(Source records)
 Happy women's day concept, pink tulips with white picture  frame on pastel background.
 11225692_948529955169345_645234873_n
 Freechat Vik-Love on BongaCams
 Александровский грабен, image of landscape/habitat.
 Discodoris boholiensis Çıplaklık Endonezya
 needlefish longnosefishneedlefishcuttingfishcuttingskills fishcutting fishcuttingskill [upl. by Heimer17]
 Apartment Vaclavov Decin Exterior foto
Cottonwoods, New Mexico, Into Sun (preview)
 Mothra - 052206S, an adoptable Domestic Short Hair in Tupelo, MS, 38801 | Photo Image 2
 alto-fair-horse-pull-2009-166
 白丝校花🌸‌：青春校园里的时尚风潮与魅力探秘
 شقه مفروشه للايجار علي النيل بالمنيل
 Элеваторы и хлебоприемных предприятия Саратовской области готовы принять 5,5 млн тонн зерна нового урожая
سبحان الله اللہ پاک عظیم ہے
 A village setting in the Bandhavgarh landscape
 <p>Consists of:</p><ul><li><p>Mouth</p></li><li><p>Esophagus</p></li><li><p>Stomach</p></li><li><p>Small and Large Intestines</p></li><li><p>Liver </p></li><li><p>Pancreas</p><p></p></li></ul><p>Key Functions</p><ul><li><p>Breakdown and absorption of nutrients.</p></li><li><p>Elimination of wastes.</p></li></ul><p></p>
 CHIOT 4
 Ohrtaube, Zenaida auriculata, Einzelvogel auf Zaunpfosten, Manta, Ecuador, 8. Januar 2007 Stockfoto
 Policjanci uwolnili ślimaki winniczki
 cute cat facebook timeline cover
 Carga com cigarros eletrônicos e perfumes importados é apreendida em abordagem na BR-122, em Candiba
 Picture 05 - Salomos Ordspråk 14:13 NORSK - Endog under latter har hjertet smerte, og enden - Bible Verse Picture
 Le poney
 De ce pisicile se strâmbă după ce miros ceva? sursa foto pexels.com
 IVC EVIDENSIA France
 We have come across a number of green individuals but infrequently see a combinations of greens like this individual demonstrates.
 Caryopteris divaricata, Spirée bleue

TRY IT
Where does the string "landscape" appear in the records above? Return every line that holds it.

RESULT FOR THIS EXERCISE
 Александровский грабен, image of landscape/habitat.
 A village setting in the Bandhavgarh landscape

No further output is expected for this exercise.